Pour moi, il s’agissait ici, par le prisme de cet objet connu dans tout Bordeaux, de faire appel à la mémoire collective, au présent collectif même, de donner place à une sculpture qui n’est pas considérée comme un œuvre et qui pourtant fascine autant les touristes que les gens qui la voient tous les jours.
Le contexte urbain du Marché est fortement marqué par l’histoire de la mendicité sur le cours Victor Hugo, comment avez-vous choisi d’aborder ce point particulier ?
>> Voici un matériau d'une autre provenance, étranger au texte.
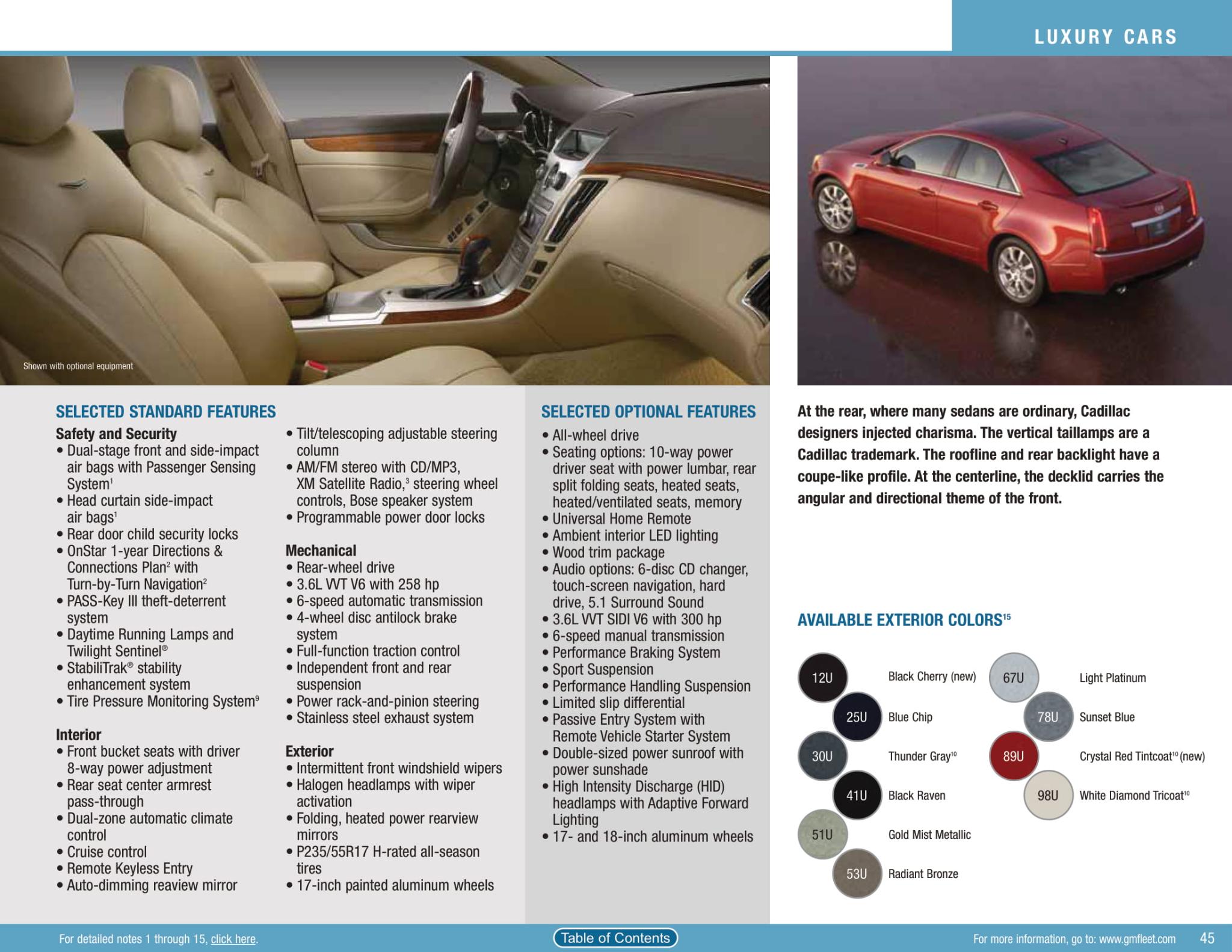 2008 Cadillac CTS Paint Chart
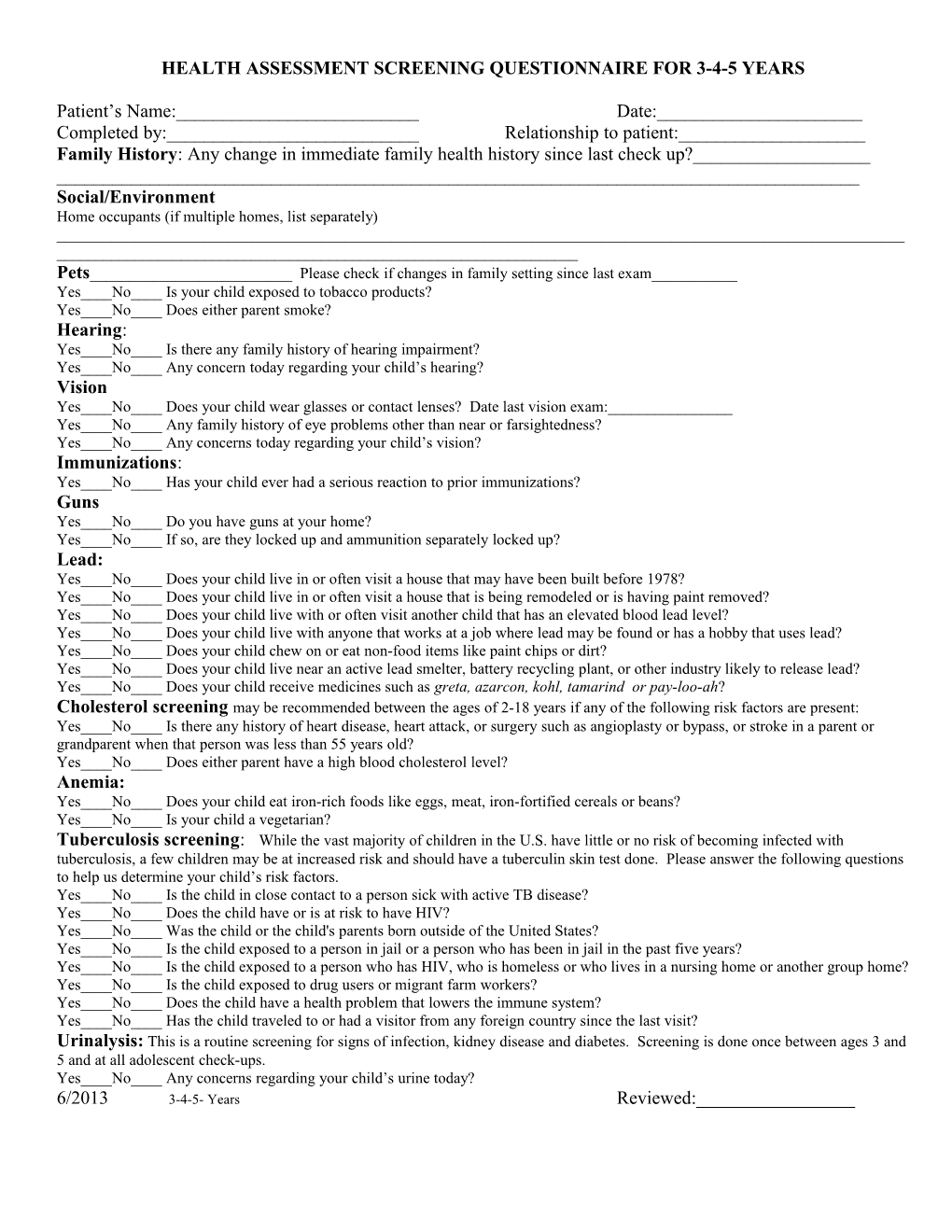 Health Assessment Screening Questionnaire for 3-4-5 Years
C.M. : Par plusieurs biais. L’équipe de Chahuts et moi-même avons travaillé avec des professionnels du service social de la mairie (DSU) : éducateur de rue, psychologue, professionnel de l’accompagnement social. Leurs éclairages ont été incroyablement précieux. Ils nous ont véritablement accompagnés dans la réflexion, pour que nous évitions les pièges de l’exotisme, de la bonne conscience charitable, des préjugés. Ils nous ont dirigés vers le CEID avec qui nous travaillons déjà par ailleurs pour le programme TAPAJ. Celui-ci propose à des jeunes en errance des petits contrats de travail de 6h d’affilée pour lesquels ils sont payés le jour même. Réinsertion, valorisation, adaptation à leurs besoins, ce programme nous a permis de vider la Halle des gravats qui l’encombraient. Les jeunes ont travaillé pendant une semaine dirigés par Marc-Emmanuel Mouton, directeur technique du projet. Ce lien était important pour que nous puissions le faire fructifier pendant toute la durée de l’exploitation.
Nous sommes aussi allés à la rencontre des personnes qui « squattaient » le cours Victor Hugo, très simplement, en allant discuter, expliquer ce qu’on allait faire, en les invitant à entrer et venir visiter. Nous avons petit à petit tissé des liens avec certain-e-s d’entre eux-elles qui revenaient ou qui avaient l’habitude de s’installer, offrant un café, nous faisant des blagues récurrentes, nous rendant mutuellement de menus services…
En les traitant comme des voisins à part entière, nous les avons prévenus du fait que beaucoup de public allait venir sur ce lieu : en effet, la psychologue nous avait expliqué que ces personnes choisissent souvent de s’établir loin des
zones d’affluence et de la proximité éventuelle de la police.